Scales of War Adventure
Ranged Ranger (sounds funny), spoiled rich kid.
Alia’s father is a prominent merchant (and obviously good at it, hence the rich part), but spends most of his time away from home. Her mother is gone most of the time also, socializing or entertaining her paramours. Alia was raised by servants who were only there because they were paid to be there and thus had no real care or concern for the child. So long as they got their pay, she could do whatever she wanted. From a young age, Alia seemed to have a gift for tracking and surviving in nature. When she was 5, she wandered away from home and spend several hours alone in the woods. She hid herself so well that it took a visiting ranger, Duncan (passing through on his way home from a skirmish of some kind, seasoned in battle, living in the wilds and one of the best young elvish rangers of his time)to find her. Duncan found Alia almost immediately, but pretended to have some difficulty to increase the child’s confidence. In payment for losing their daughter and then being unable to find her, Alia’s parents fired all the servants, with the warning that they were lucky to still be alive.
Duncan, however, was intrigued by the young girl and somewhat disturbed that her parents seemed only to care for her as much as they had to in order to keep up appearances or when the money they threw at her did not pacify a situation. He offered to stay and take over her training. For the next 15 years, Duncan trained Alia in the old ways of the elves, teaching her how to live in the wild, how to fight, how to track and helping her hone her skills. Still, though, Alia remained sheltered from the world at large, knowing little first-hand of situations that could suddenly blossom out of her control or people/places/things unlike the mountains and forests surrounding her home.

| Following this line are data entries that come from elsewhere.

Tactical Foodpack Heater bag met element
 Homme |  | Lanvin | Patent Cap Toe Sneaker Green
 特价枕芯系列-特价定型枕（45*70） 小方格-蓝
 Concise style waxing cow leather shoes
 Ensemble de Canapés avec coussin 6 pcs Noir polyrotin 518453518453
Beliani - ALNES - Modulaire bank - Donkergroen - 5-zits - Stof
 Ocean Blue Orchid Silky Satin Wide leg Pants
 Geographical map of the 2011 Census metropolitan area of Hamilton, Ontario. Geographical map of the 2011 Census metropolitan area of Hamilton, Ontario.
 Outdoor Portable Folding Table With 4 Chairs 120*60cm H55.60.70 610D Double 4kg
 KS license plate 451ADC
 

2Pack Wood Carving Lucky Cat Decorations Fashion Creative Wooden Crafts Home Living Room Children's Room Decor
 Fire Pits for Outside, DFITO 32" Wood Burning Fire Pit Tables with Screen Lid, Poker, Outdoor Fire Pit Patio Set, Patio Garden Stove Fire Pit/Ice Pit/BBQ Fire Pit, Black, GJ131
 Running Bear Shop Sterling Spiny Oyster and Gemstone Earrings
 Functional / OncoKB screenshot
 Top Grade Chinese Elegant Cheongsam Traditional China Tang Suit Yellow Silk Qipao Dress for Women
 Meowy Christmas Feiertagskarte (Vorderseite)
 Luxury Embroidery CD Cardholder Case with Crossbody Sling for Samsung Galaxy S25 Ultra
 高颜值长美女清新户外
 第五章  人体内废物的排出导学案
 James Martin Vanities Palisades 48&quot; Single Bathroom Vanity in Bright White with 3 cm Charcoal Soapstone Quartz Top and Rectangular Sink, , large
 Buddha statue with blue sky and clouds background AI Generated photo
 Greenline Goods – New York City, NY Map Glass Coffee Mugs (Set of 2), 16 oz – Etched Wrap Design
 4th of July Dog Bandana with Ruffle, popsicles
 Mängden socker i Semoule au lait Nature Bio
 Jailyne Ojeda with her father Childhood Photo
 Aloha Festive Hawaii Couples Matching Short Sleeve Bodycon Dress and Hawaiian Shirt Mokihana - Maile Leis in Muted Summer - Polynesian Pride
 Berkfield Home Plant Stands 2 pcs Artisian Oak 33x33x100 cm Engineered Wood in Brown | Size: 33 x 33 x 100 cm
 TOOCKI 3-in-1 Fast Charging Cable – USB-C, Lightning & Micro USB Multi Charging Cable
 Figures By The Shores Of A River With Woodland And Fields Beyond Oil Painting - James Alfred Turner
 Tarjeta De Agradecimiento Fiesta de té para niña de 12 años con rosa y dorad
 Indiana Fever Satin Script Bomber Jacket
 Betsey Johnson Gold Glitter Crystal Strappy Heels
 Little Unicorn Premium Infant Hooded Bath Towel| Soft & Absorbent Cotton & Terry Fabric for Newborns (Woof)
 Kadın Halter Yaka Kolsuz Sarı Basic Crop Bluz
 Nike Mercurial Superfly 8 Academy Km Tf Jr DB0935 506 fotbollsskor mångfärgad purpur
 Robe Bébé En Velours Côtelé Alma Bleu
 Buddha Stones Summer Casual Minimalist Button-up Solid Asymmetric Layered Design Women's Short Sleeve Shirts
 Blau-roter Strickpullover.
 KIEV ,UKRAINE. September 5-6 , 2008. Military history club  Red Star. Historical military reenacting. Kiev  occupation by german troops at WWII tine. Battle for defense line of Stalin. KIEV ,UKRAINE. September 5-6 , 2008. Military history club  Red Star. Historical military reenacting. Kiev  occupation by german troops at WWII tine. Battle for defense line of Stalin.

At first, Duncan was simply like an older brother to Alia, annoying, persistent and sometimes, sweet. He saw her as a student, nothing more. Yet another incident changed their relationship. Alia was out in the woods tracking an elusive dire bear (lol…couldn’t think of a different animal…and like the way that one sounds) and accidentally flushed some deer while bringing down the bear single-handedly. Not a problem, except that these deer were the quarry of several wealthy merchants, including Alia’s father. Instead of being proud of his daughter’s accomplishment, which was quite incredible for a girl of 20, he raged at her. He forbade her to train with Duncan and immediately began to search for a husband for his daughter, the older and richer, the better. Alia snuck out one night and went to her favorite spot, where Duncan found her. She was crying, wondering why her parents couldn’t simply acknowledge her skills, be proud of her prowess and let her live the life she wanted. For the first time, the sad little girl who only wanted her parents approval showed her pain in the presence of another. Duncan began to see her as a woman grown and deserving of respect in her own right. So much of his life the past 15 years had been spent with her and yet he’d lost track of the woman she’d become. As Duncan comforted her, Alia began to see the same in Duncan, that he was a man, not just a tutor who was like an older brother.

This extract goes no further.